We enclose Professor Geoffrey Alderman’s formal objection ( among the 430 others lodged to the House of Lords Scrutiny Committee) .

To: The Chairman of the Secondary Legislation Scrutiny Committee.

I wish to object to the passage of the Relationships Education, Relationships and Sex Education and Health Education (England) Regulations 2019, which were laid before Parliament on 25 February 2019.

[http://www.legislation.gov.uk/ukdsi/2019/9780111181997 ]

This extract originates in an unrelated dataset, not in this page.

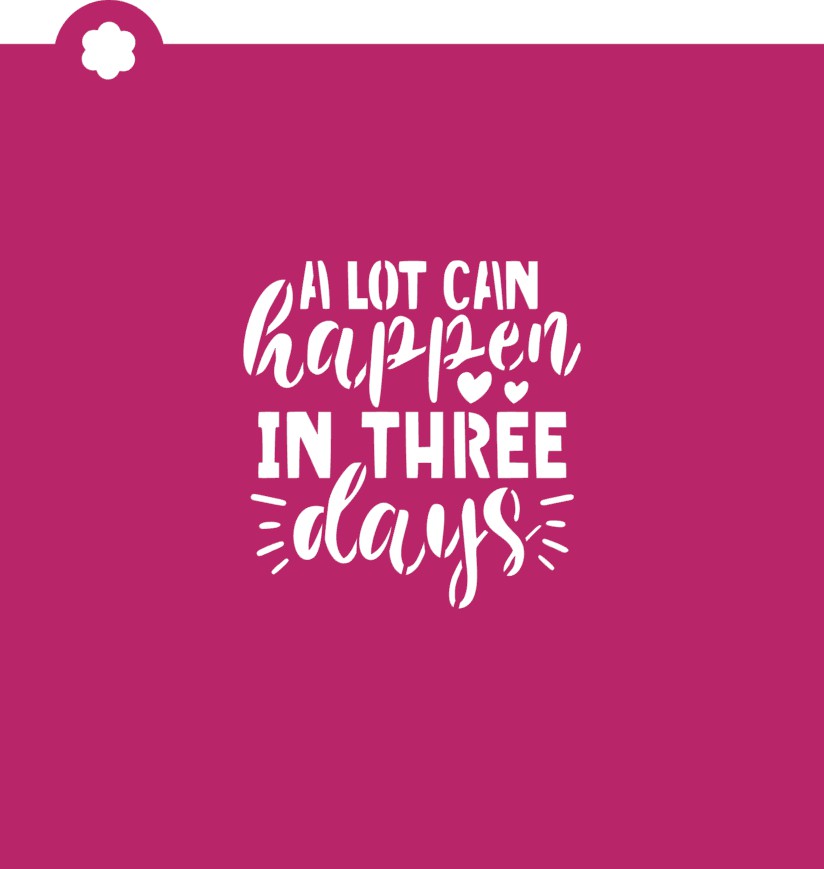 A lot can happen in three days stencil with white cursive and block lettering on magenta background with hearts and sparkles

My grounds of objection are

(a) that the said Regulations seek to limit parental rights to have children educated exclusively in accordance with parents’ religious beliefs, which are a Protected Characteristic under the 2010 Equality Act;

(b) the said Regulations completely ignore the results of the formal consultation upon which they are supposed to be based: in that consultation no less than 64 per cent of responses declared that the proposed content for Relationships & Sex Education at secondary-school level was not “age-appropriate,” while 58 per cent voiced an identical concern about Relationships Education at primary level. Additionally, “a large proportion” disagreed with the position on teaching about alternative lifestyles as set out in the proposed Regulations;

(c) the said Regulations breach the protection of religious rights as guaranteed by virtue of the European Convention on Human Rights (to which the UK is a signatory), more especially Article 2 of Protocol No. 1 of that Convention which protects the right of parents to have their children educated in conformity with their religious beliefs and philosophical convictions.

Sincerely

Professor Geoffrey Alderman

Professor Alderman also wrote to the Times on March 15
PARENTAL GUIDANCE
Sir, Alice Thomson (Comment, Mar 13, and letter, Mar 14) is entitled to her view that “it is vital that children of all religions are taught what is acceptable practice in this country”. In many faith communities, however, such instruction is given exclusively in the home, and naturally in accordance with the religious beliefs of parents.
The right of parents to have their children so educated is guaranteed by the European Convention on Human Rights (to which the UK is a signatory). But the government’s proposals — in draft regulations now before parliament — seek to abridge this right. This ignores the results of the government’s own formal consultation upon which these proposals are supposed to be based. In that consultation no less than 64 per cent of responses declared that the proposed content for relationships & sex education at secondary-school level was not “age-appropriate,” while 58 per cent voiced an identical concern about relationships education at primary level.
Additionally, “a large proportion” disagreed with the position on teaching about alternative lifestyles as set out in the proposed regulations.
Should parliament nonetheless approve these proposals, parents will have to fall back on the right to home-school. Is this what the government really wants?
Professor Geoffrey Alderman
University of Buckingham
https://www.thetimes.co.uk/edition/comment/times-letters-attorney-general-s-legal-advice-on-brexit-8kr82p632

A statement from senior Anglican clergy on Monday and Tuesday this week reads

This conference objects to the new guidelines on relationships education which could lead to schools covering lgbt issues to be included at every stage of Primary Education. We urge those responsible to reject them on the grounds that they supply potentially damaging age-inappropriate information, and do not allow parents the freedom to withdraw their children from exposure to experience and knowledge that they have no means to critique.